Myanmarlı askerlerin katliam itirafları
Sınır Tanımayan Doktorlar kuruluşu, aralarında 730 çocuğun da olduğu en az 6 bin 700 Rohingya'nın Ağustos-Eylül 2017 döneminde öldürüldüğünü kaydetmişti. BM de 2017-2019 arasında yaklaşık 200 yerleşim alanının tamamen yok edildiğini bildirmişti. Arakanlı Müslümanlara yönelik soykırıma ilişkin iki Myanmar askeri itirafçı oldu.
Myanmar’da Arakanlı Müslümanları hedef alan kitlesel kıyıma dair ordu tarafından ilk defa açıklama geldi. Soykırımın boyutunu itiraflarıyla gözler önüne seren Myanmarlı askerler, New York Times’a (NYT) yaptıkları konuşmada, infazlar, toplu mezarlar, köyleri yok etme eylemleri ve tecavüz olaylarına dair nelere şahit olduklarını dile getirdiler.
Video üzerinden itirafçı olan askerler açıklamasında Ağustos 2017’de komutanlarından aldığı bir emri paylaşan Myo Win Tun, kendilerine “Gördüğünüz ve duyduğunuz her şeye ateş açın” talimatının verildiğini aktardı. Gelen emre itaat ederek 30 Rohingya'nın öldürüldüğü katliama katılan asker, bu kişileri bir baz istasyonu ve bir askeri üssün yakınlarında kazılan toplu mezara gömdüklerini söyledi.
İtirafçı olan ve Tun’un görev yaptığı yakın bir kasabada görevli olan bir diğer asker Zaw Naing Tun da üslerinden “İster çocuk ister yetişkin olsun gördüğünüz herkesi öldürün” talimatı aldığını ifade etti. Öte yandan iki asker, dahil oldukları piyade birliklerinin ve diğer güvenlik güçlerinin, Rohingyalara karşı Myanmar'ın uzun süredir izlediği operasyonların parçası olarak en az 150 sivili öldürdüğünü, onlarca köyü de yok ettiğini söyledi.
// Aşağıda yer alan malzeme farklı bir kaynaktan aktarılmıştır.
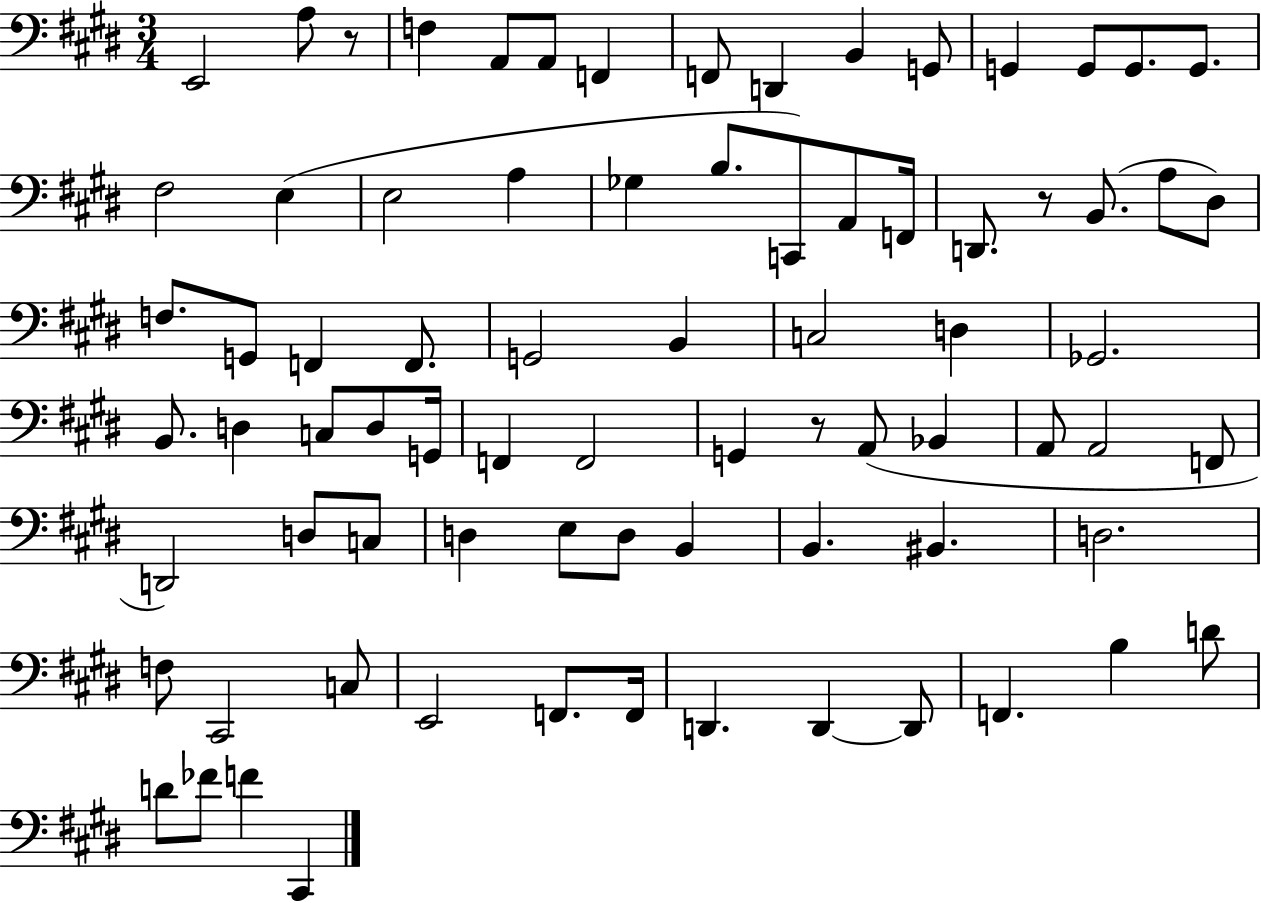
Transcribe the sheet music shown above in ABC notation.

X:1
T:Untitled
M:3/4
L:1/4
K:E
E,,2 A,/2 z/2 F, A,,/2 A,,/2 F,, F,,/2 D,, B,, G,,/2 G,, G,,/2 G,,/2 G,,/2 ^F,2 E, E,2 A, _G, B,/2 C,,/2 A,,/2 F,,/4 D,,/2 z/2 B,,/2 A,/2 ^D,/2 F,/2 G,,/2 F,, F,,/2 G,,2 B,, C,2 D, _G,,2 B,,/2 D, C,/2 D,/2 G,,/4 F,, F,,2 G,, z/2 A,,/2 _B,, A,,/2 A,,2 F,,/2 D,,2 D,/2 C,/2 D, E,/2 D,/2 B,, B,, ^B,, D,2 F,/2 ^C,,2 C,/2 E,,2 F,,/2 F,,/4 D,, D,, D,,/2 F,, B, D/2 D/2 _F/2 F ^C,,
ULUSLARARASI MAHKEMELERE ÇIKACAKLAR
NYT’nin haberine göre geçen ay Myanmar’ı terk eden iki eski askerin, Tatmadaw liderlerinin Arakanlılara karşı kitlesel boyutta suçlar işleyip işlemediğini soruşturan Lahey’deki Uluslararası Ceza Mahkemesi'ne (UCM) sevk edildiği belirtildi. Askerlerin işlenen vahşetlere dair dile getirdiği ifadelerin, katliamlardan kaçarak Bangladeş'e sığınan bir milyondan fazla Rohingyaya dair ciddi insan hakları ihlalleriyle ilgili kanıtları desteklediği vurgulanırken, suçlamaların bu kez mağdurlardan değil de faillerden gelmesi dikkati çekti.
Öte yandan Arakanlılara yönelik uygulanan soykırıma yönelik açıklamalarda bulunan Fortify Rights adlı insan hakları izleme kuruluşunun CEO’su Matthew Smith, “Bu, Rohingyalar ve Myanmar halkı için çok önemli bir an. Bu adamlar, Myanmar'dan UCM'de yargılanacak ilk failler ve içeriden ilk şahitler olabilir” ifadelerini kullandı.
Söz konusu kişilerin söyledikleri suçları işlediklerini bağımsız bir şekilde doğrulayamadıklarını aktaran NYT, bununla birlikte anlatılanların Rohingya göçmenler, Arakan sakinleri, Tatmadaw askerleri ve yerel siyasetçiler dahil çok sayıda şahit ve gözlemciden edinilen bilgilerle örtüştüğünü yazdı. Askerlerin itiraflarında söyledikleri toplu mezarların yerlerinin köylüler tarafından da doğrulandığı belirtilirken, bu bilgilerin UCM'de ve diğer yargı makamlarında dikkate alınabileceği ifade edildi.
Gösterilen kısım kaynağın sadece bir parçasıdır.